Today the D.C. Circuit Court ruled that ObamaCare's individual mandate is a Constitutional exercise of Congress's power.  Read the ruling here.

Here are some reactions from legal scholars:

Randy Barnett, Professor of Legal Theory, Georgetown Law:

"In yet another divided decision, the Court of Appeals demonstrates why the stakes of these challenges are so high. Like the government, the majority could identify no limit to an unprecedented power of Congress to mandate "that any American purchase any product or service in interstate commerce."  The Supreme Court will now have to face the question of whether the federal government is one of limited and enumerated powers or is instead a government of unlimited power "to forge national solutions to national problems, no matter how local–or seemingly passive–their individual origins."

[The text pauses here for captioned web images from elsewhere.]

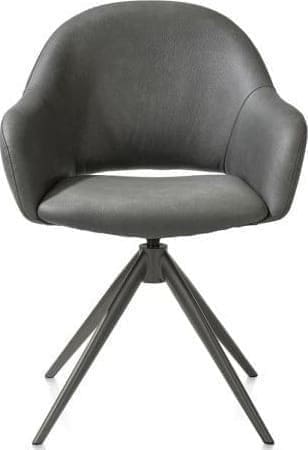 Xooon Finn armstoel terugdraai - graphiet frame - stof Pala - groen Groen Armstoel
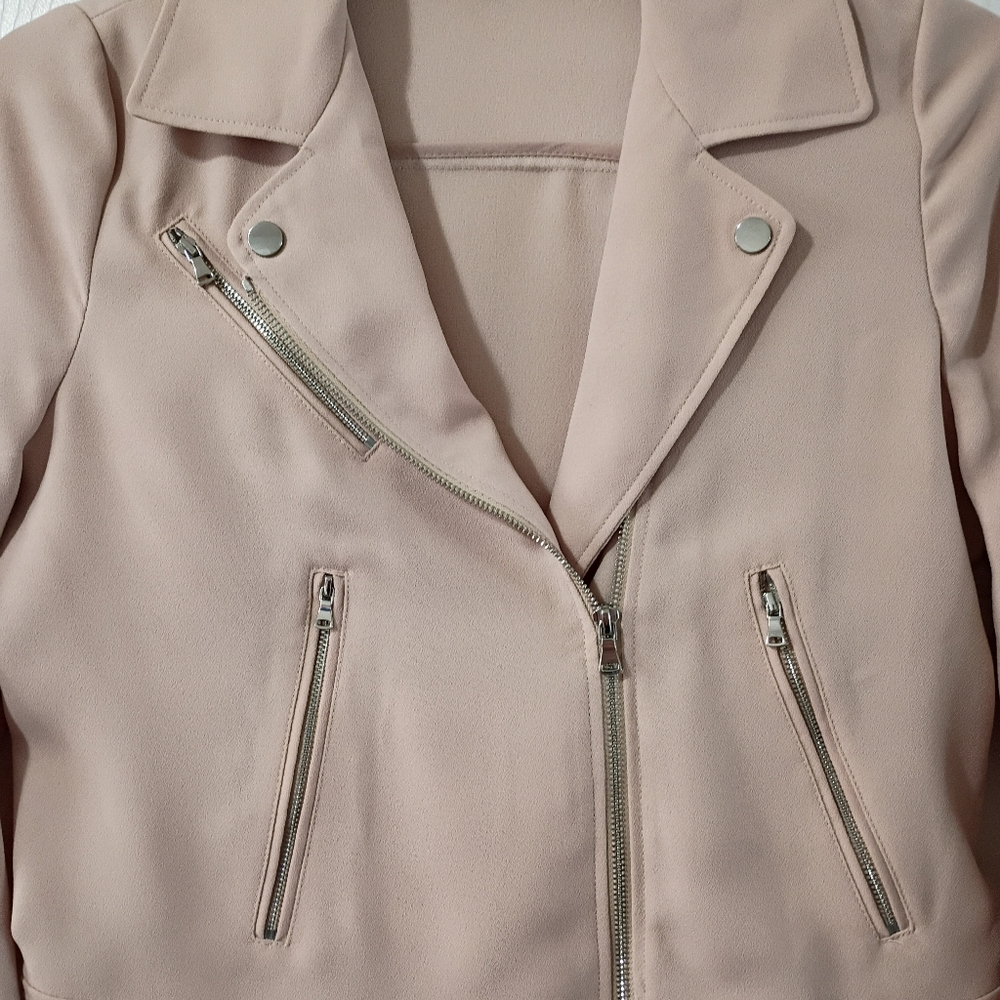 Kenneth Cole Pinkish-Nude Moto Jacket Size S - Picture 4 of 9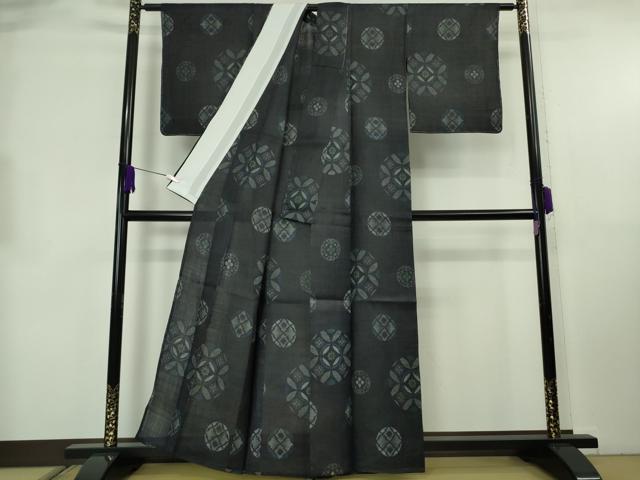 平和屋本店＊極上　夏物　重要無形文化財　本場宮古上布　花丸文 　苧麻　逸品　未使用　DZAB8772kh6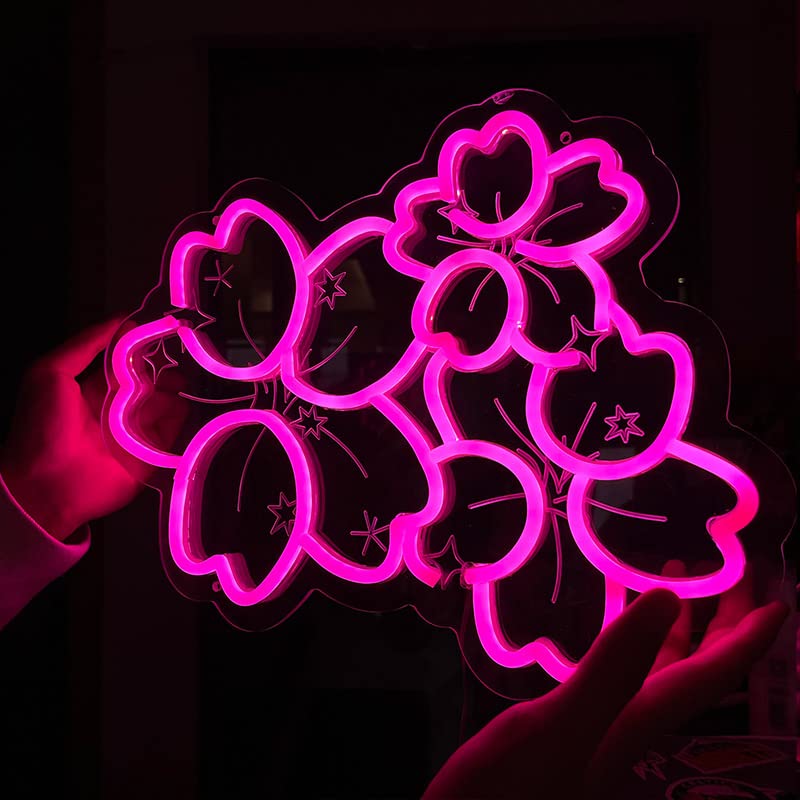 Amazon.co.jp: MewNeon 日本花桜ネオンサイン、桜ネオンウォールアート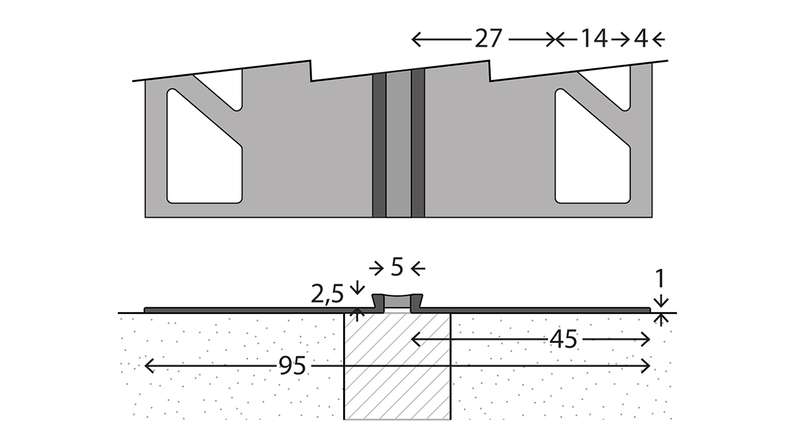 planeo Expansion Joint System 567 – 3000 x 95 x 2.5 mm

Ilya Shapiro, Senior Fellow in Constitutional Law Studies, Cato Institute:

"Every development in the Obamacare litigation has been anticlimactic since the Eleventh Circuit split with the Sixth, guaranteeing that the Supreme Court would take the case.  Today’s ruling by the D.C. Circuit, therefore, is notable not so much for its result—upholding the individual mandate—but for the reluctance with which it reached it.  After acknowledging the novelty of the power Congress is asserting, the court expressed concern at 'the Government’s failure to advance any clear doctrinal principles limiting congressional mandates that any American purchase any product or service in interstate commerce.'  In other words, the majority saw itself bound by the Supreme Court’s broad reading of federal power under the Commerce Clause but felt “discomfort” at reaching a result that seemingly had no bounds.  Indeed, the government has yet to tell any court in any of the cases what it cannot do under the guise of regulating interstate commerce.  But rest assured that the Supreme Court will ask again, and soon—it considers the myriad cert petitions later this week.  And if the high court is as unsatisfied with the government’s jurisprudential non-theory as the D.C. Circuit was, it will not hesitate to strike down this expansion of federal power.  'Federalism is more than an exercise in setting the boundary between different institutions of government for their own integrity,' wrote Justice Kennedy for a unanimous Court last term (United States v. Bond).  'Federalism secures the freedom of the individual.'  I am confident that the Supreme Court will not allow this unprecedented invasion of individual liberty."